If exchanges gain a certain level of scale, like Google did in online advertising, brand money could start to directly flow into their businesses, and that would threaten agencies’ media buy margins.
But Bell thinks that the «people spending the money have ambivalence about whether algorithms should be in control of [media buying].»
From publishers’ perspective, the main advantage of exchanges is their efficiency. Generally speaking, they provide greater price transparency, scalability, and liquidity.
It is important to note that mobile ad networks and exchanges aren’t playing a zero sum game. The rise of one doesn’t necessarily preclude the other’s existence. For example, exchanges sometimes act as «aggregators» of publisher inventory, which they then wholesale on to the networks, according to Collins of Joule. That’s why many ad networks have the same inventory.
Bell thinks that exchanges will phase out the prevalence of software development kits (SDKs), which have been the focus of the mobile ad industry for the past three to four years. The SDKs are lines of code that developers and publishers drop into their apps in order to plug into ad networks’ systems.

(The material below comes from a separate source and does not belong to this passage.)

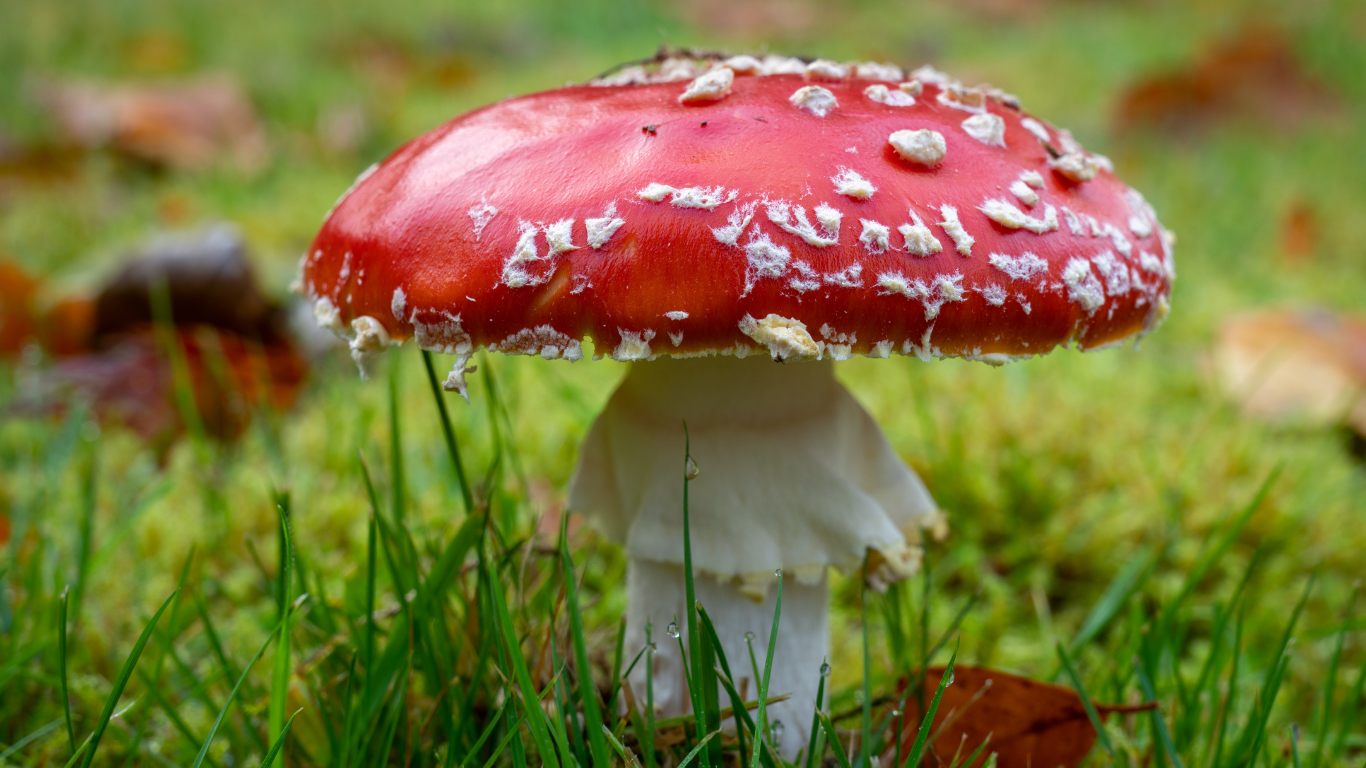 Muchomůrka červená?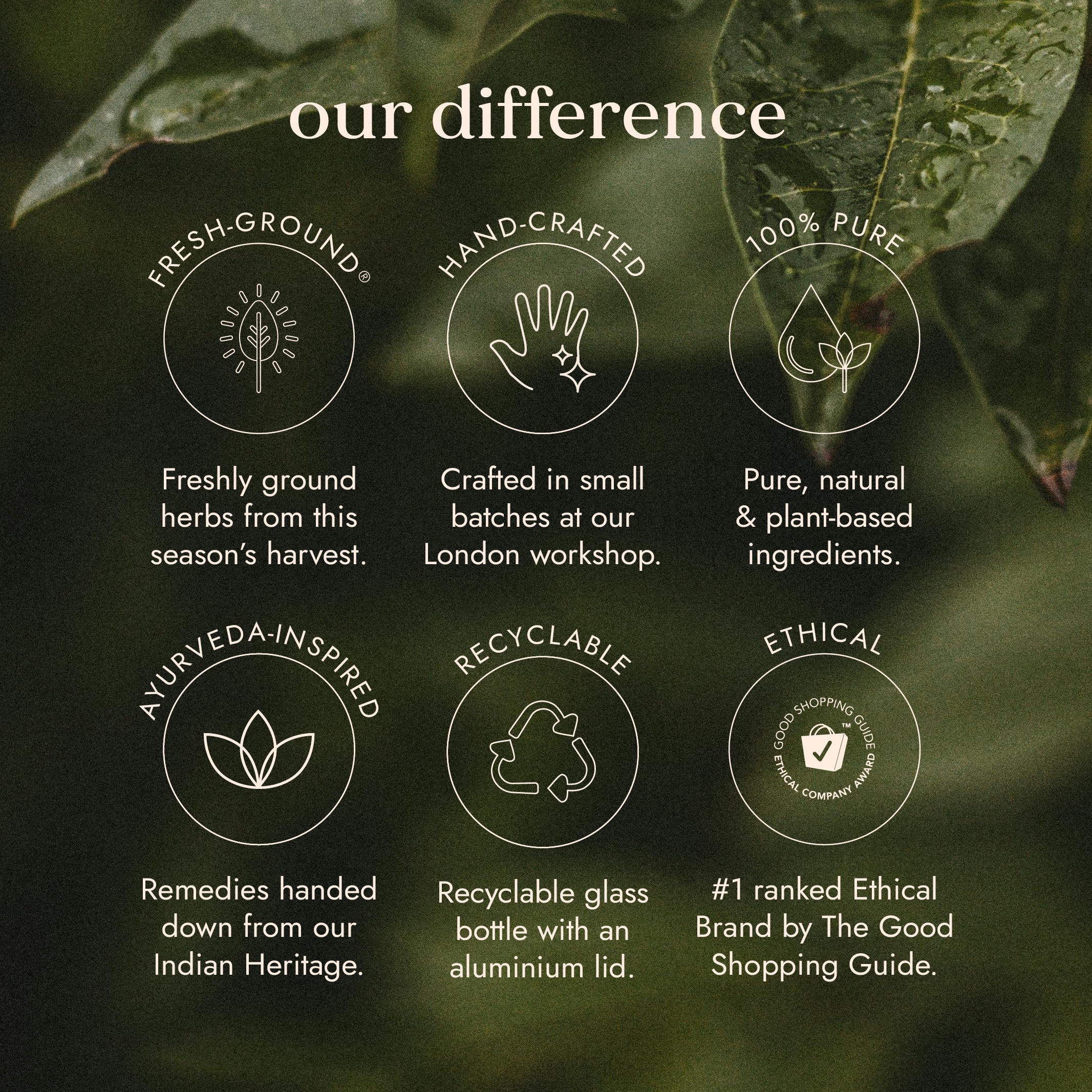 Fushi Monthly Harmony - Image 8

Large mobile ad networks, like Millennial Media, have garnered large install bases for their SDKs. However, if publishers want to pit multiple ad networks against each other, they need to install multiple SDKs. Additionally, many publishers opt to include the SDK of an independent app analytics company, like Flurry. Supporting multiple SDKs can quickly become an engineering headache.
Exchanges can vastly simplify this process by offering a single SDK. Through an exchange’s SDK, publishers are able to offer ad impressions to multiple networks simultaneously. Bell’s hope is that this streamlined process will convince developers not to view the mobile ad ecosystem as cumbersome.
There are two types of formats for exchanges, often working in tandem: mediation and real-time bidding (RTB).
Mobile advertising mediation combines human and technical considerations. The publisher and the exchange work together to tweak goals and set the framework for how ads are placed on their site.
For example, they can set parameters by price, ad format, number of ads, location, what kind of advertiser they want, etc. They can parse out a certain percentage of impressions to various networks, block off inventory for their own promotions, or auction impressions on a sequential basis, where the high bidder gets first crack at the next impression.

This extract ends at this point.